If the president had paid attention to the presidential daily brief entitled “Bin Ladin [sic] Determined to Strike in US” delivered to him in August of 2001, or if I had acted when I received a memo on terrorism and aviation, similarly vague and unactionable, in April of 2001, and later reported as evidence of my guilt, the intimation was that 9/11 could have been stopped. I, for too many long, painful years, held on to this possibility as well. Could I have stopped it?
No.
Finally, I not only believed it, I knew it. I could hear my inner voice. It was no longer being drowned out by the noise of the crowd, of a culture, telling me that I had to have done something wrong or I should have done something more.

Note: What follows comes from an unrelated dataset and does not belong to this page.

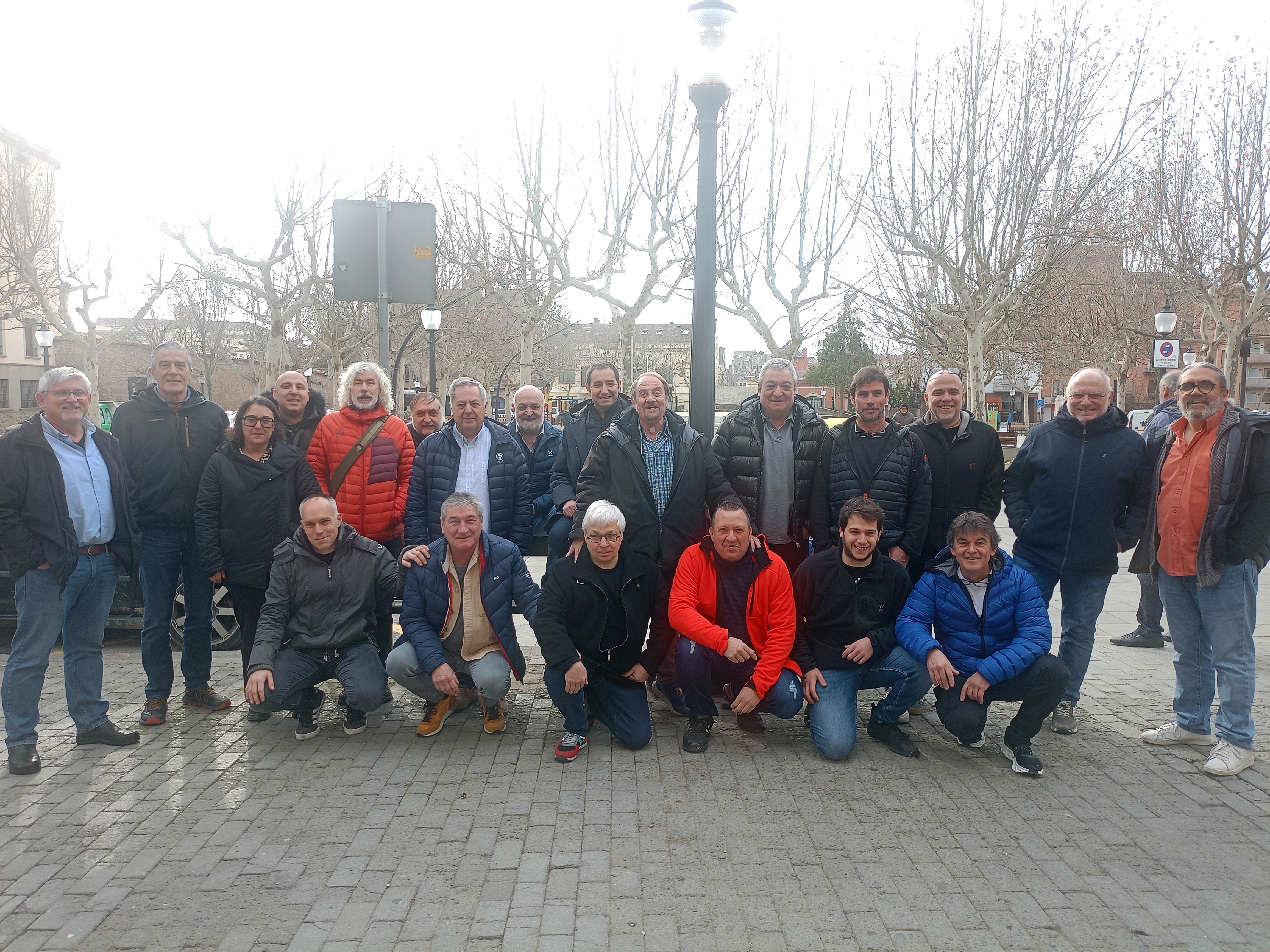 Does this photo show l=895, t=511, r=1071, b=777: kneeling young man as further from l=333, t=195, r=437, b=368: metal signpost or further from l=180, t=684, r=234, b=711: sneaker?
l=180, t=684, r=234, b=711: sneaker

I could finally hold on to what I knew was true. It was not my fault. It never was.
We rely on blame—by others and of ourselves—to avoid the truth that our lives and those of our loved ones are fragile. What if, after we came together to address, to the extent humanly possible, our vu
lnerability to terrorism, we acknowledged our mortality, the fragility of our lives? Would we live differently? How would it change us and our choices, and our leaders’ choices? Those were big questions that I didn’t pretend to have the answers to. I only knew they were worth asking.
Chapter Thirty-Two
The Resilience of Sea Glass
Suit: 9/11 Logan Screeners ‘Unaware’
—Boston Herald, June 21, 2011
Massport Seeks to Head Off 9/11 Suit
Victim’s Family Says Airport Liable for Security Lapses
—Boston Globe, July 7, 2011
July 27, 2011—La Jolla, California
“The ordeal is part over.” I stared at the words in the email from my lawyer. Could they mean what I thought they did?
On July 27, 2011, federal judge Alvin Hellerstein dismissed Massport and Logan Airport from the last remaining wrongful death case stemming from the Logan hijackings. I received the news via an email from my lawyer while I sat in a windowless conference room at a business meeting in California. If my colleagues noticed the heightened color in my face and the slight tremor in my hands as I gave my presentation, they didn’t give any sign.

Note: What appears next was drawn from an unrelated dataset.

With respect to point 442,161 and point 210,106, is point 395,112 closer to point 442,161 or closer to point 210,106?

As soon as I could, I rose and walked quickly to the hotel driveway outside. I could smell the rosemary growing alongside the pavement and briefly closed my eyes and turned my face up to the sun. I pressed the numbers for David’s cell phone into my BlackBerry. “He did it,” I said, referring to Judge Hellerstein, as soon as he picked up. “He did it.”
David didn’t need any further explanation. “Oh, honey,” he said.
***
“The ordeal is part over.” I puzzled over the phrase chosen by my lawyer. He likely was referring to the fact that other litigation involving the World Trade Center’s owners and their insurance companies was ongoing. But I think it stood out to me because of the truth in it. The “ordeal” would never be “over” for me.